I’m picking on the double-title thing not because it really matters but because of what it represents. Oxeneer, or The Lion Sleeps When Its Antelope Go Home, or whatever, is kept from being a compelling record, despite the band’s obvious energy and talent. They simply don’t know when to say when. The result turns interesting compositions into over-produced tracks that are weighed down by too many competing ideas. It is clear that the TAAS aims to combine elements from a number of different genres, particularly hardcore, emo, punk, and electronic music. But instead of tactfully integrating the virtues of each genre, the band piles the ideas on top of each other in a way that is more confusing than it is innovative.

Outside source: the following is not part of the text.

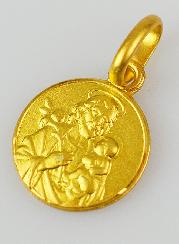 Médaille Saint Joseph en Plaqué Or - 10 mm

Oxeneers / the Lion Sleeps When Its Antelope Go Home
US: 21 Sep 2004
UK: Available as import
That is not to say that the record is without certain undeniable merits. Individually, it is clear that the four musicians who make up the band, guitarist Ryan Frederiksen, singer Steve Snare, drummer Erin Tate, and bassist Brian Cook, know what they are doing with their instruments. Almost all of the members are veterans of various other northwest bands such as Botch, Kill Sadie and Nineironspitfire; their combined experience gives each song a well-earned polish that is hard to ignore.
Additionally, the unabashed visibility of TAAS’s hardcore roots is refreshing in this post-everything musical landscape. Too many seasoned musicians are tripping over themselves to “remain relevant” without any reflection about what it really means to trade values and aesthetics in the service of a notoriously fickle scene.
Unfortunately, the same earnestness that connects TAAS to its emo-core lineage also keeps the band in a vague purgatory of a clinging adolescence that never quite reaches adulthood. This is especially apparent in the lyrics, which bear all the telltale signs of angst and condescension that continue to make this kind of music a favorite with teens whose worst enemies are their conservative parents and the popular kids at school. Sometimes the lyrics don’t make sense at all, such as this rhyming combination of lines from “Tracing Your Pearly Whites”: ‘This family blood runs through me thin as oil in water / My family blood cut through me clear like teeth made of sauter’.
Some of these songs succeed despite these shortcomings. “Angela’s Secret” opens with a buzzing moog line that acts almost like a dance beat against the frenetic drums; the song ebbs and flows between spurts of guitar and bass, but manages to stay focused on the original melodic line throughout the song. The nearly instrumental “Gadget Arms” fares similarly well, not the least because its simple guitar-led formula does not try to embellish itself with too many theatrics.
The elements that are most palpable here—driving guitars, earth-shattering bass, passionately-screamed lyrics—bristle with a rare intensity that almost achieves the raw excitement of a live show. I have a feeling that the live show is what these guys do best: the immediacy and simplicity of playing live would keep their songs loud, fast, and simple—exactly what they should have been in the first place.